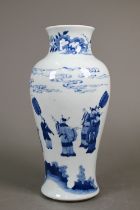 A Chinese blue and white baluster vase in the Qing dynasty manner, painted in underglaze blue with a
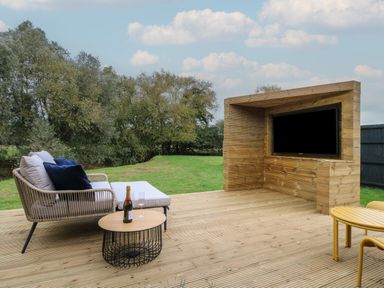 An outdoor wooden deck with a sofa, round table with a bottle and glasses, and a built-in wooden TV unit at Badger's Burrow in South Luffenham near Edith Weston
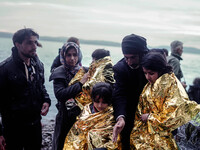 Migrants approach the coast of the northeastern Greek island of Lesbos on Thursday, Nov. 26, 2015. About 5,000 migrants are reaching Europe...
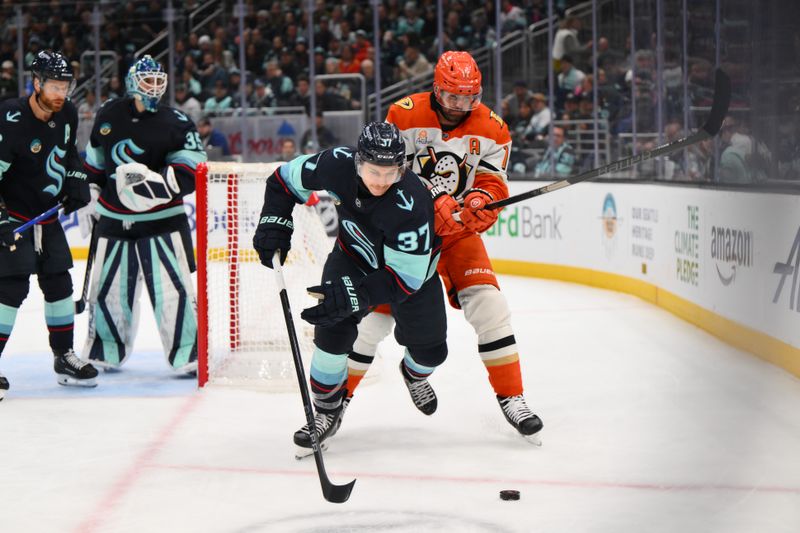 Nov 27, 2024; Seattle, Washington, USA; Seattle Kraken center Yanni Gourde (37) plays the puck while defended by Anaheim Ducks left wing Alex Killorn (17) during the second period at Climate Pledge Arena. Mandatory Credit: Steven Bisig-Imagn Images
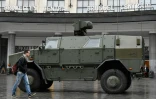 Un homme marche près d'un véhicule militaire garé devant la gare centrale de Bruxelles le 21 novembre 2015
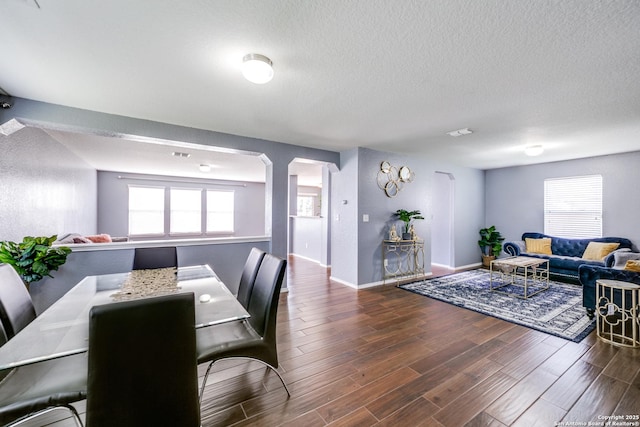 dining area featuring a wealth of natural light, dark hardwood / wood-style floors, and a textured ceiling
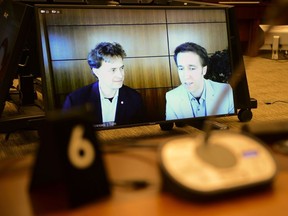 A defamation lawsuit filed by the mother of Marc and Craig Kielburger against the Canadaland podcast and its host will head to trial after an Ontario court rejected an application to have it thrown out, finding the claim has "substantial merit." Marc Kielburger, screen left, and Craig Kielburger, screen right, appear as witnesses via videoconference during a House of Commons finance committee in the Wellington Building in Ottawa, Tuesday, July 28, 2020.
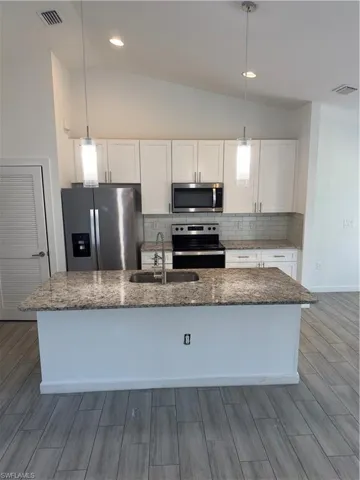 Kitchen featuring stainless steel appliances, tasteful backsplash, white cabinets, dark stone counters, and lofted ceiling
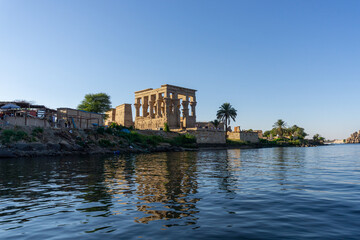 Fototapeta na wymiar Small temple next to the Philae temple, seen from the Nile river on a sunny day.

☆ ☆ ☆ ☆ ☆

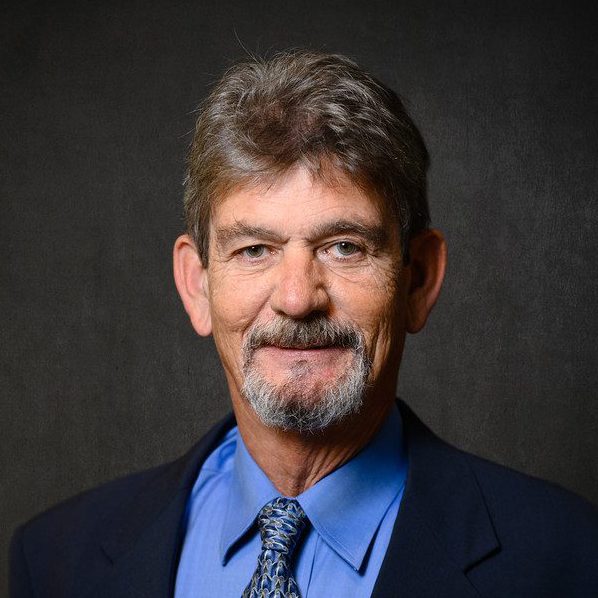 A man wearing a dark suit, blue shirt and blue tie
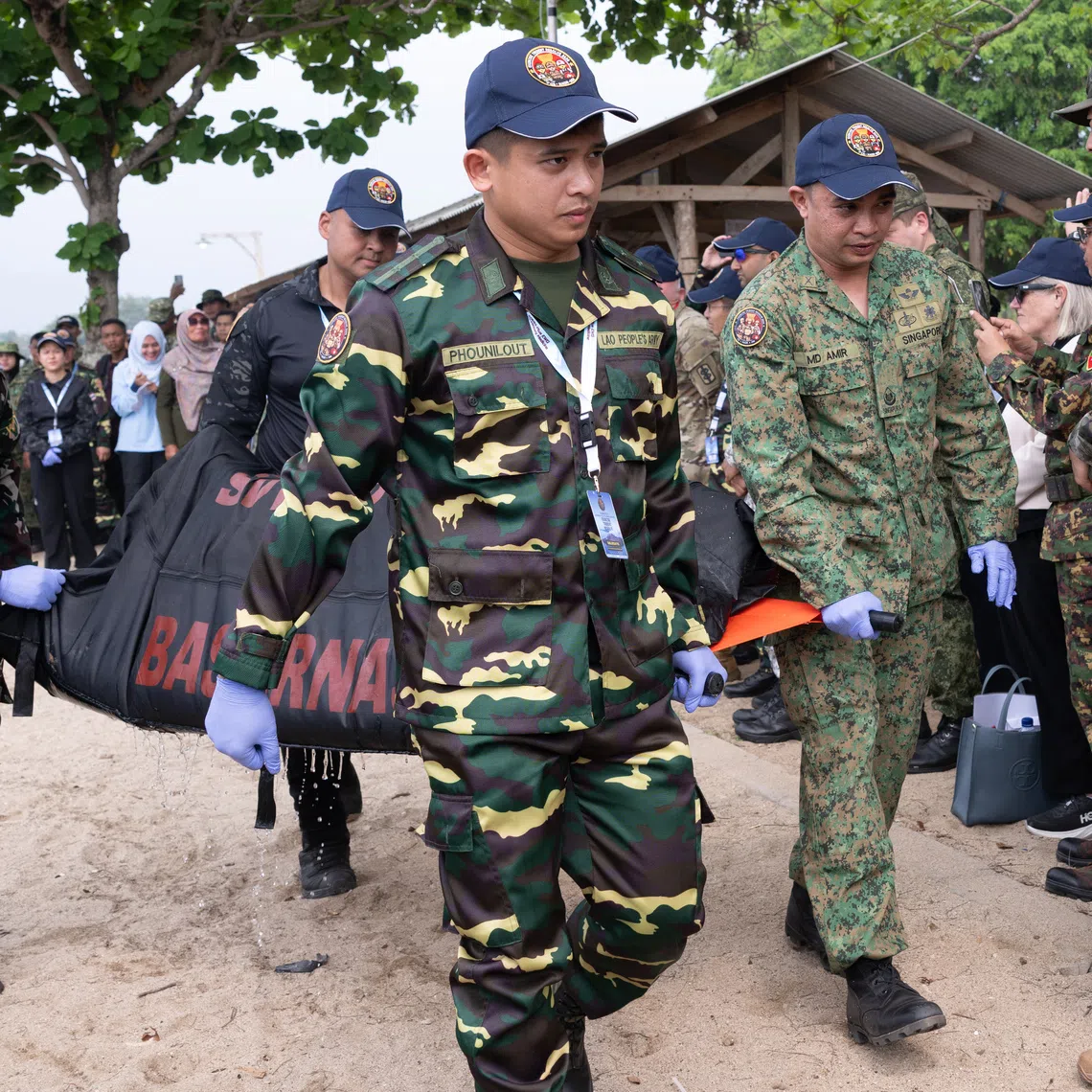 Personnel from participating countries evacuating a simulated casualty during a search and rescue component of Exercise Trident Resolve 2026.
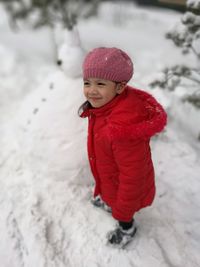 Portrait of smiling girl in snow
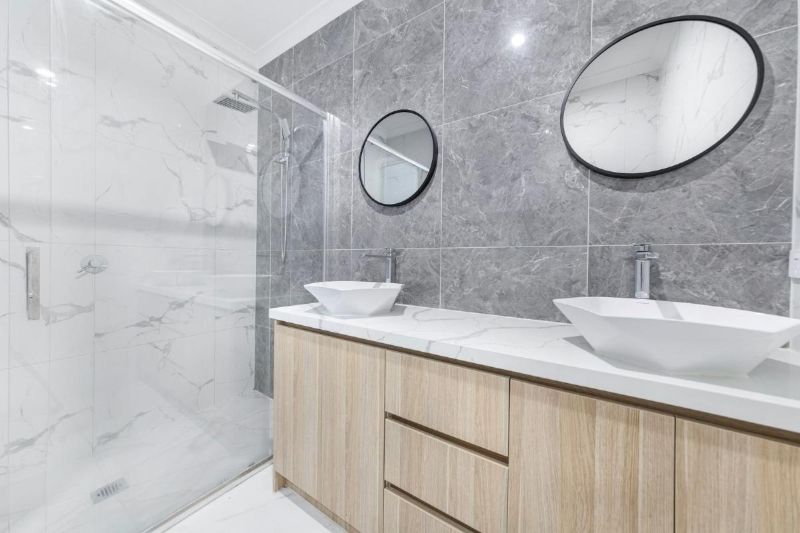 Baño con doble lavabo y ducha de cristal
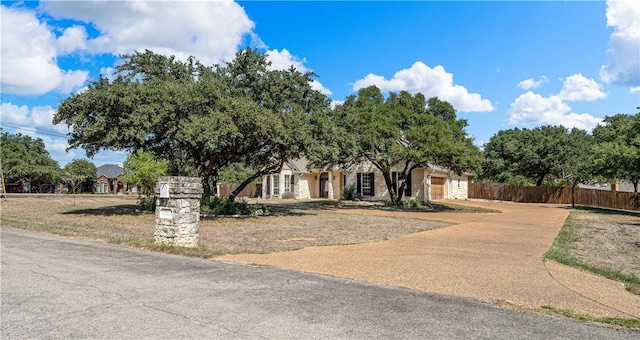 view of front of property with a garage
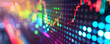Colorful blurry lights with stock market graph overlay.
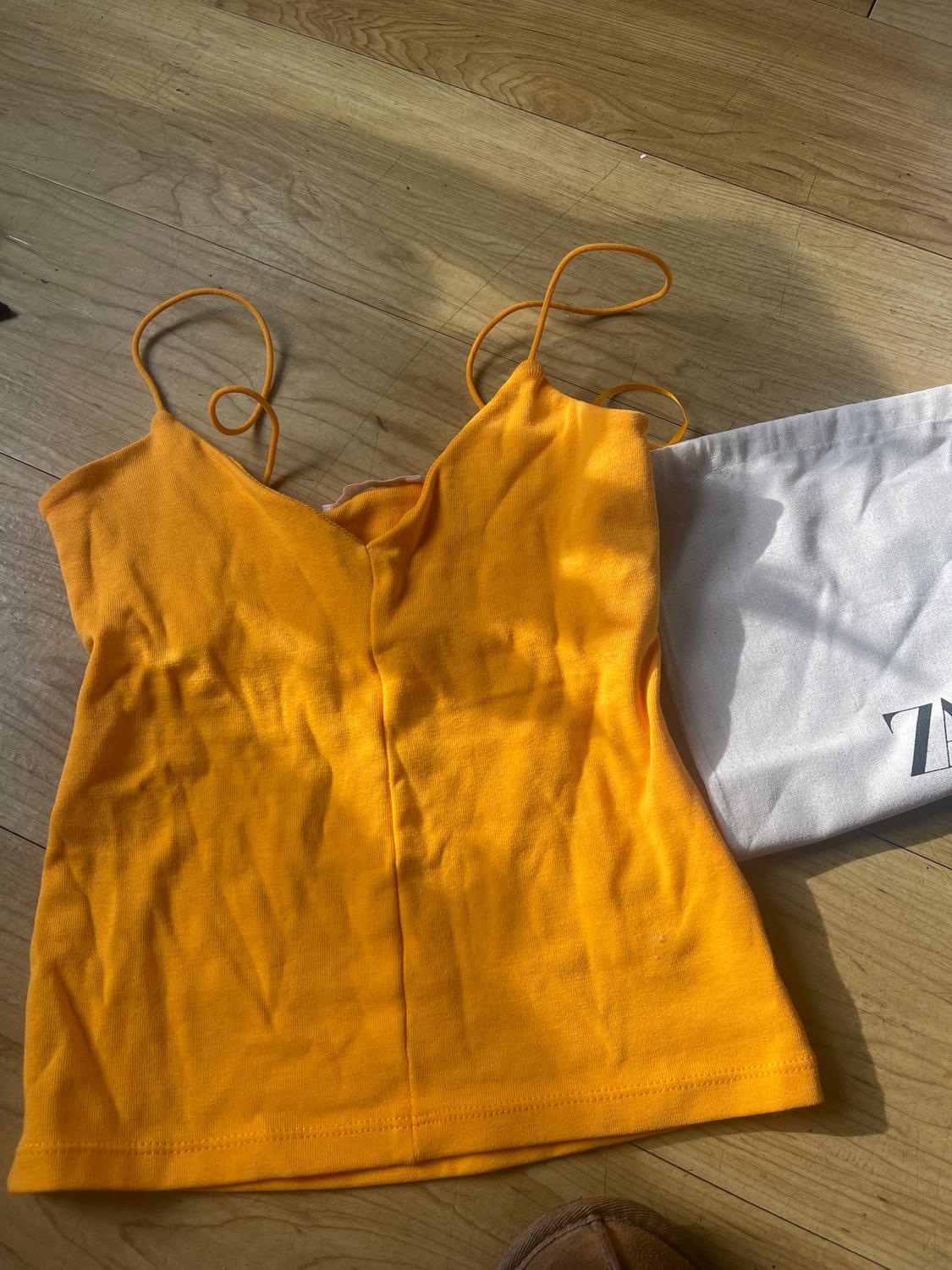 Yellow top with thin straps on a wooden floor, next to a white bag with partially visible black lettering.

☆ ☆ ☆ ☆ ☆

§ Problem description: After locating "An outdoor wooden" and "dining area featuring" in the records above, return exactly the line holding each one and every line between them; leave out the pictures.

§ Response area:
 An outdoor wooden deck with a sofa, round table with a bottle and glasses, and a built-in wooden TV unit at Badger's Burrow in South Luffenham near Edith Weston
 Migrants approach the coast of the northeastern Greek island of Lesbos on Thursday, Nov. 26, 2015. About 5,000 migrants are reaching Europe...
 Nov 27, 2024; Seattle, Washington, USA; Seattle Kraken center Yanni Gourde (37) plays the puck while defended by Anaheim Ducks left wing Alex Killorn (17) during the second period at Climate Pledge Arena. Mandatory Credit: Steven Bisig-Imagn Images
 Un homme marche près d'un véhicule militaire garé devant la gare centrale de Bruxelles le 21 novembre 2015
 dining area featuring a wealth of natural light, dark hardwood / wood-style floors, and a textured ceiling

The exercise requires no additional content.